§ **DATA SECTION**:
--------------------

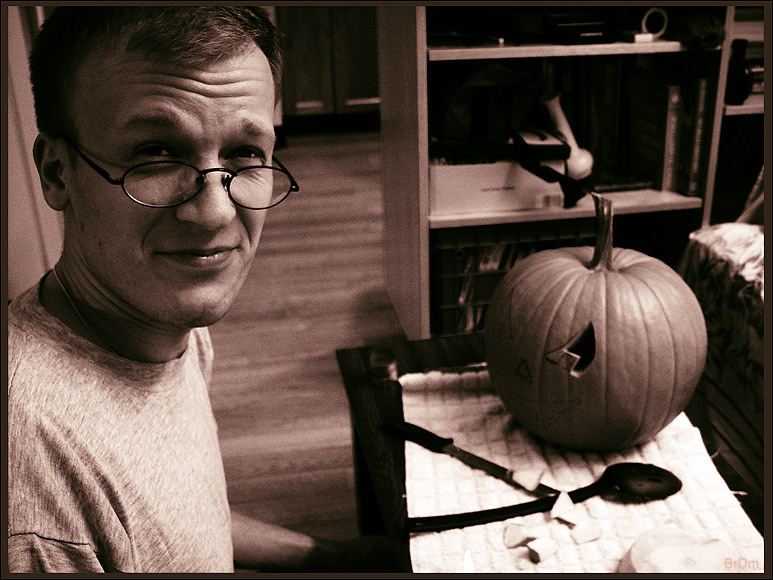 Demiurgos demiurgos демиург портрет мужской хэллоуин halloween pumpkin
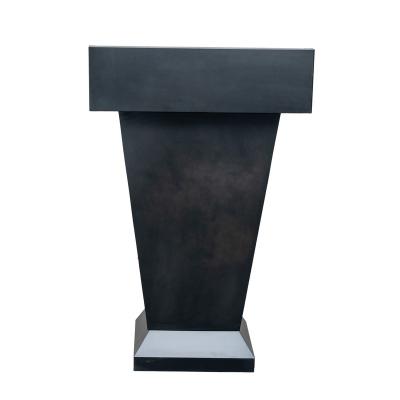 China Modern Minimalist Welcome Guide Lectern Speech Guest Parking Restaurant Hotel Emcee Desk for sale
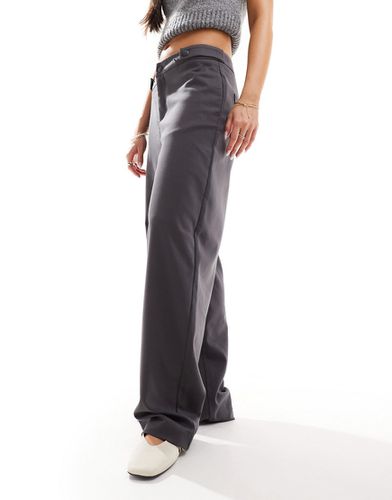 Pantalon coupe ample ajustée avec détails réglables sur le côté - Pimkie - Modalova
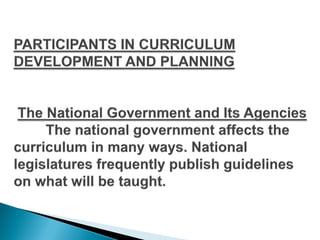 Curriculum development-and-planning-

--------------------

§ **PROBLEM**: The answer must be the full listing, restated word for word, with no pictures in it.

§ **WRITTEN ANSWER**:
 Demiurgos demiurgos демиург портрет мужской хэллоуин halloween pumpkin
 China Modern Minimalist Welcome Guide Lectern Speech Guest Parking Restaurant Hotel Emcee Desk for sale
 Pantalon coupe ample ajustée avec détails réglables sur le côté - Pimkie - Modalova
 Curriculum development-and-planning-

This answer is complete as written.